La raison principale en est que Pialat fait un cinéma « humain ». Il reflète la vie quotidienne le plus objectivement possible. En raison de ce rapport étroit avec la réalité, le côté documentaire de ses films est très fort. L’objectivité découle de l’honnêteté des personnages, quels qu’ils soient. Qui sait, on peut peut-être dire que Pialat est une personne très franche et que ses personnages lui ressemblent. A propos de ressemblance, on ne peut passer l’aspect autobiographique de ses films de Pialat.
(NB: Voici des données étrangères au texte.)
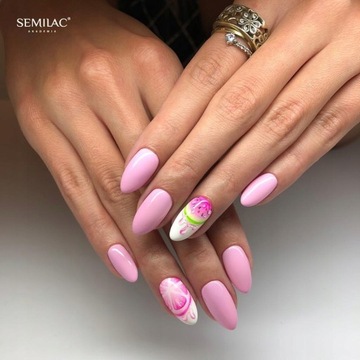 SEMILAC 056 Pink Smile UV LED Гибридный лак 7 мл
D’après ce que l’on sait, le réalisateur a eu une expérience de vie difficile. Dans certains de ses films, il incorpore directement cette expérience et indirectement dans d’autres. Ce côté réaliste se reflète non seulement dans le fond, mais aussi dans la forme chez cet auteur. Pialat filme la réalité de telle manière que même des lieux et des situations laids deviennent une beauté, un plaisir esthétique. Il utilise la caméra de manière si subtile que parfois nous ne remarquons même pas les longs plans-séquences employés. Ce naturel se reflète également dans les personnages et les points de vue dans la narration et même s’il peut y en avoir de multiple, il arrive toujours à rester objectif. Par conséquent, bien que les spectateurs puissent s’identifier au personnage, ils peuvent aussi regarder objectivement les situations dans lesquelles il se trouve. Il existe peu des cinéastes qui parviennent à cet équilibre.

En conclusion, nous pouvons dire que Maurice Pialat, de l’ombre à la lumière, éclaire les œuvres d’un des auteurs les plus importants du cinéma français à partir d’angles d’approches de différents auteurs dans un langage original, simple et clair. C’est la force de cet ouvrage, qui peut être apprécié par divers types de lecteurs et qui permet à chacun d’apprendre et de ressentir quelque chose. Je recommande donc ce livre aux amoureux de Maurice Pialat comme à ceux qui ne l’ont pas encore découvert !

 

1 René Prédal, Préface, Maurice Pialat, de l’ombre à la lumière

Maurice Pialat, de l’ombre à la lumière. Ouvrage dirigé par Jean-Max Méjean, préface de René Prédal. Paru chez l’Harmattan en décembre 2023.